Task description ▸ Copy task for the material below: print the line with "e quando rientra" and every line after it to the end, exactly as written, without the pictures.

Dataset records ▸

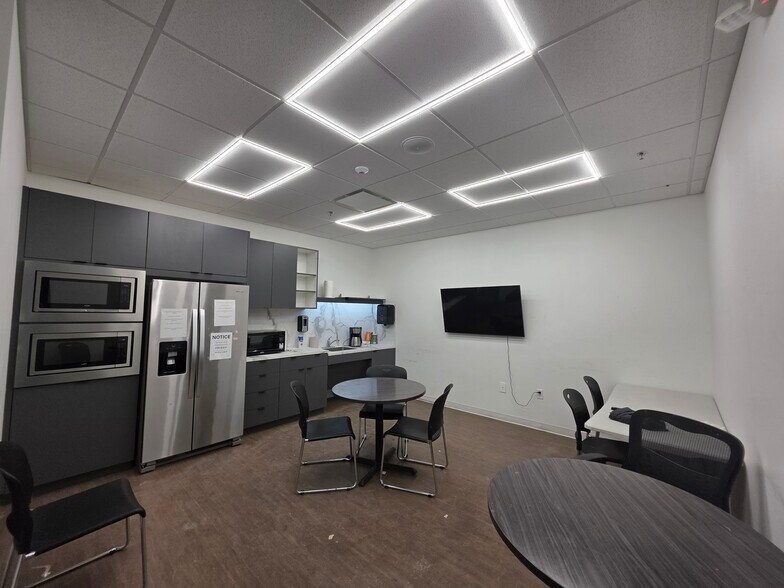 More Photos Of 1010 Crews Commerce Dr, Orlando Distribution For Lease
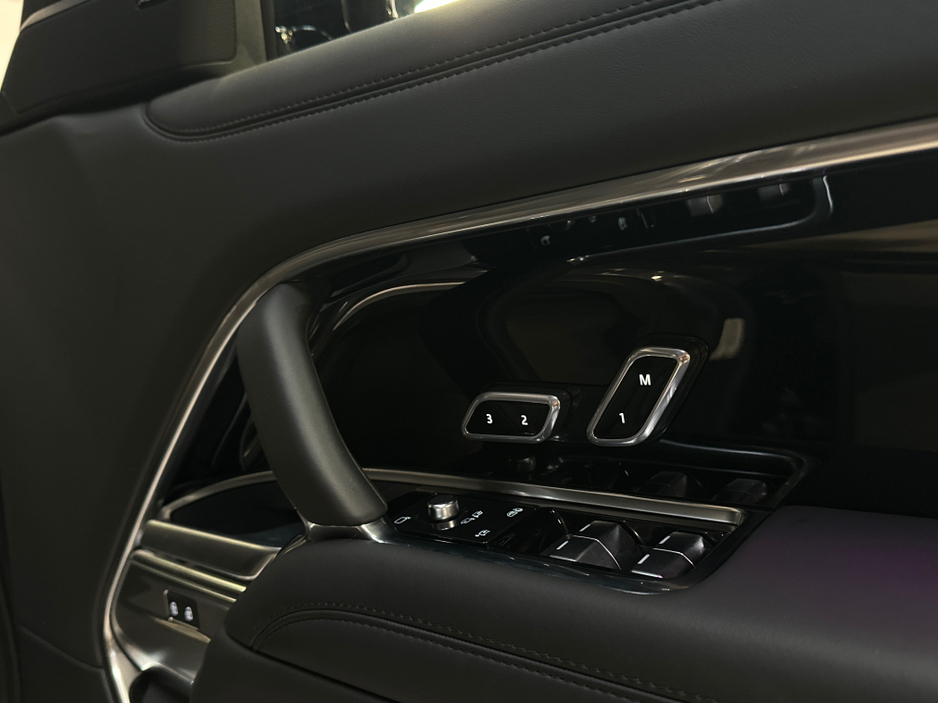 2025 Land Rover Range Rover P460 E-HYBRID HIGH SPEC NEW €149,950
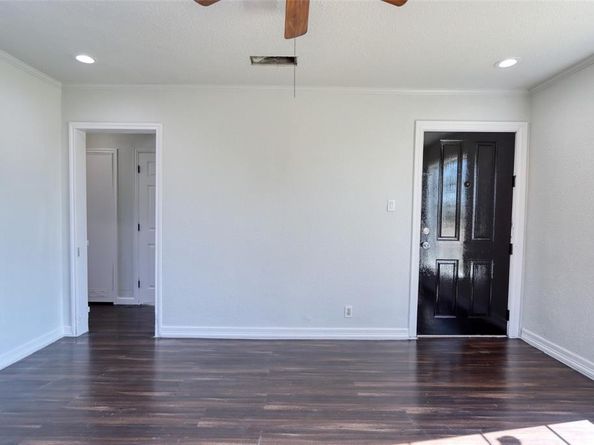 2222  Houston Street , Grand Prairie Texas 75050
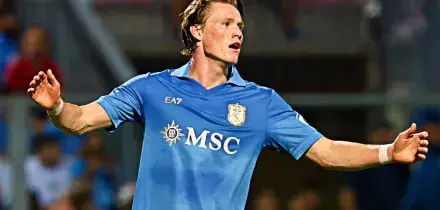 &ldquo;Ha un&rsquo;aritmia benigna&rdquo;: McTominay deve operarsi al cuore, il Napoli perde il suo giocatore migliore. Come sta e quando rientra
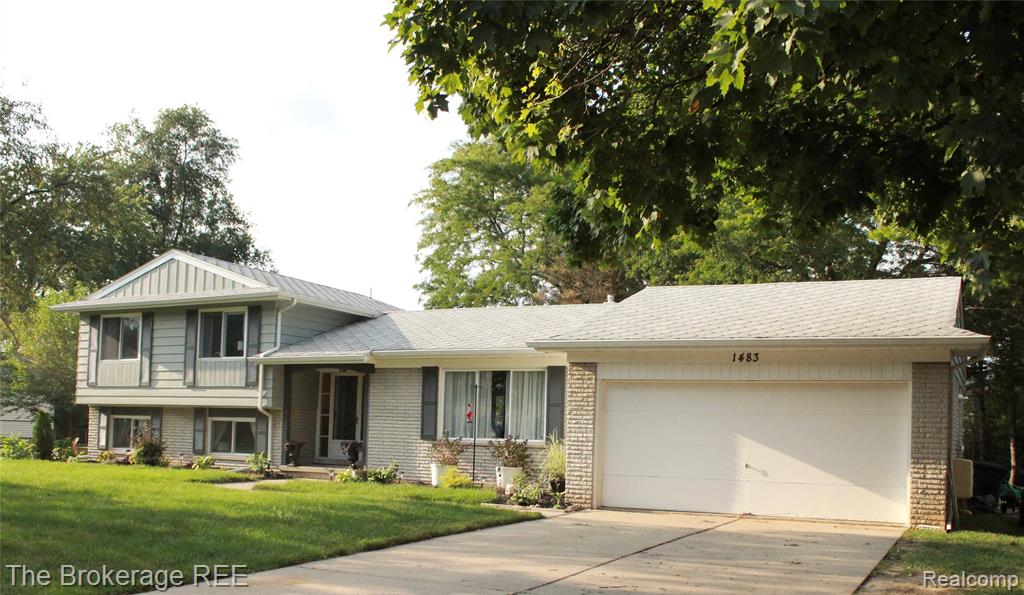 1483 HUNTLEY DR Huntley Drive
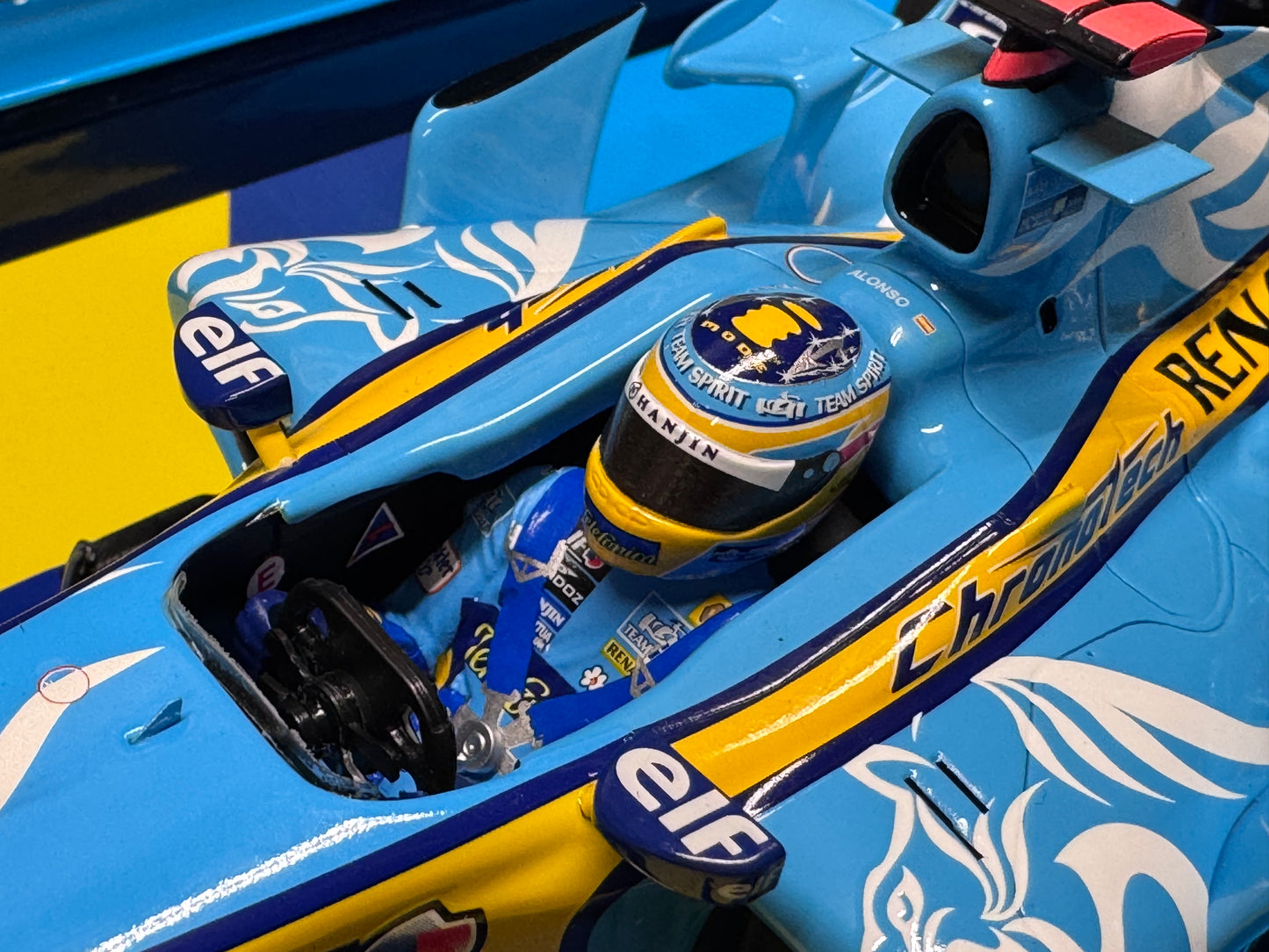 Minichamps Renault R26 Fernando Alonso British GP 1/18 Scale Ltd. Ed. Box Set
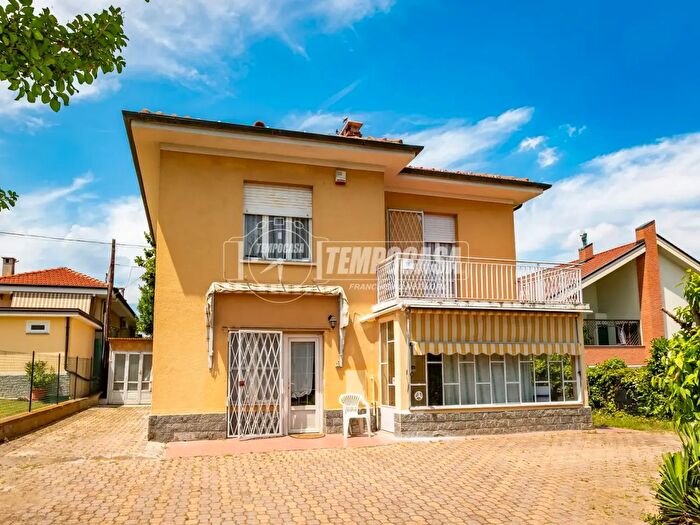 Casa con 6 locali in vendita in Via Roaschia, Chieri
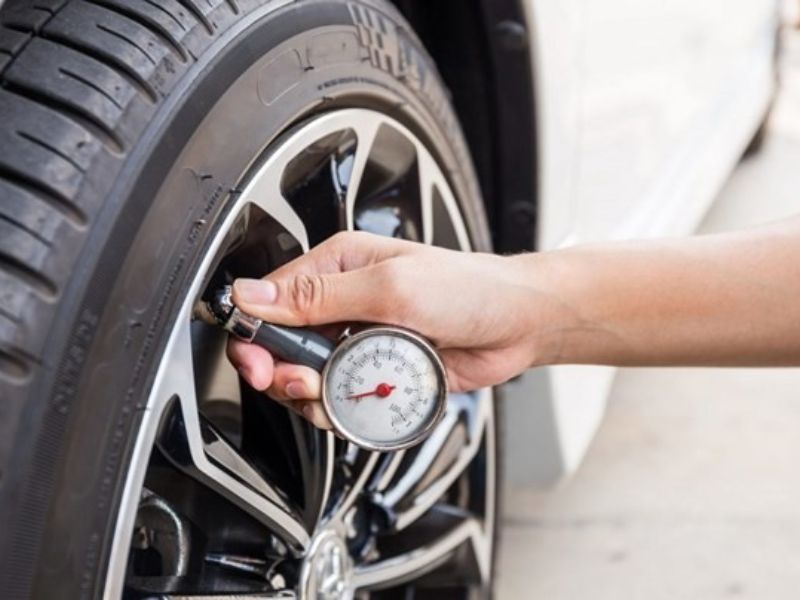 Áp suất lốp ô tô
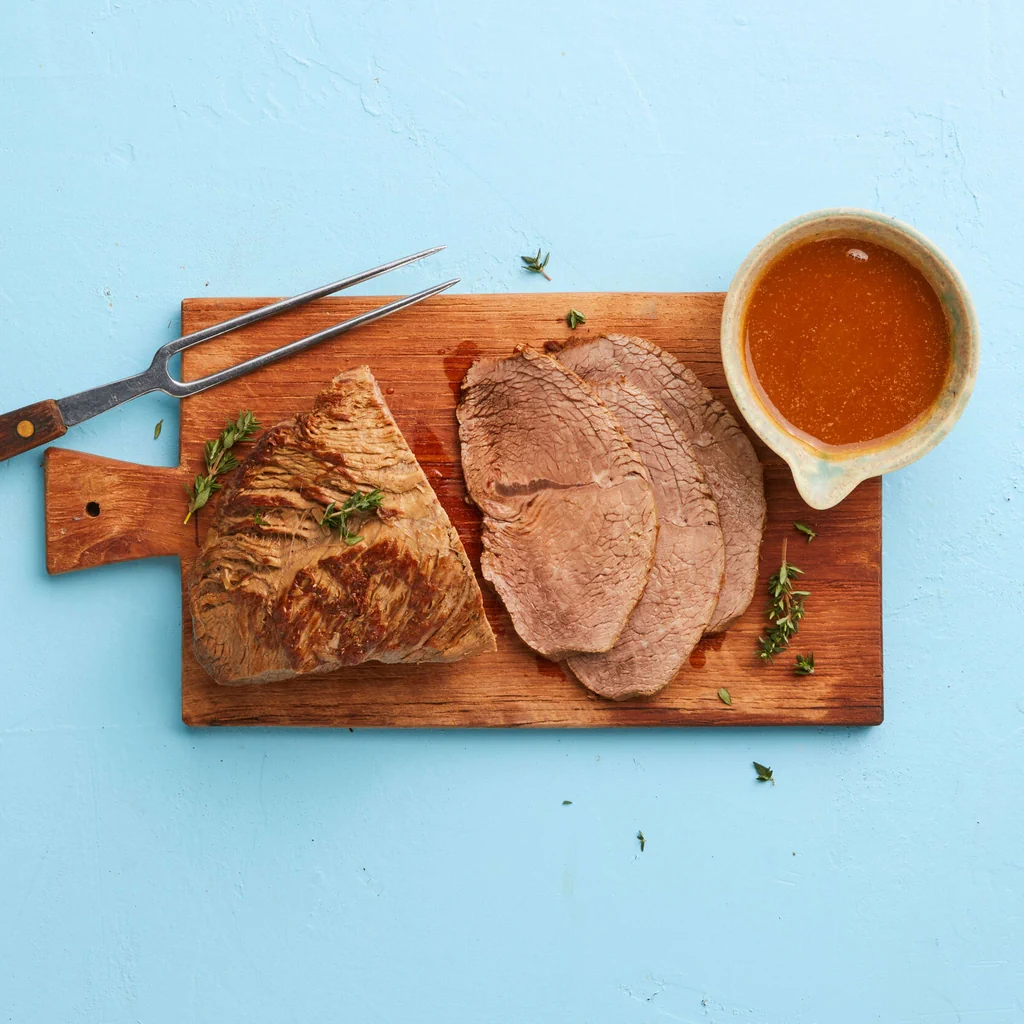Rôti de bœuf braisé avec sauce bière-soja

Result of this task ▸
 &ldquo;Ha un&rsquo;aritmia benigna&rdquo;: McTominay deve operarsi al cuore, il Napoli perde il suo giocatore migliore. Come sta e quando rientra
 1483 HUNTLEY DR Huntley Drive
 Minichamps Renault R26 Fernando Alonso British GP 1/18 Scale Ltd. Ed. Box Set
 Casa con 6 locali in vendita in Via Roaschia, Chieri
 Áp suất lốp ô tô
Rôti de bœuf braisé avec sauce bière-soja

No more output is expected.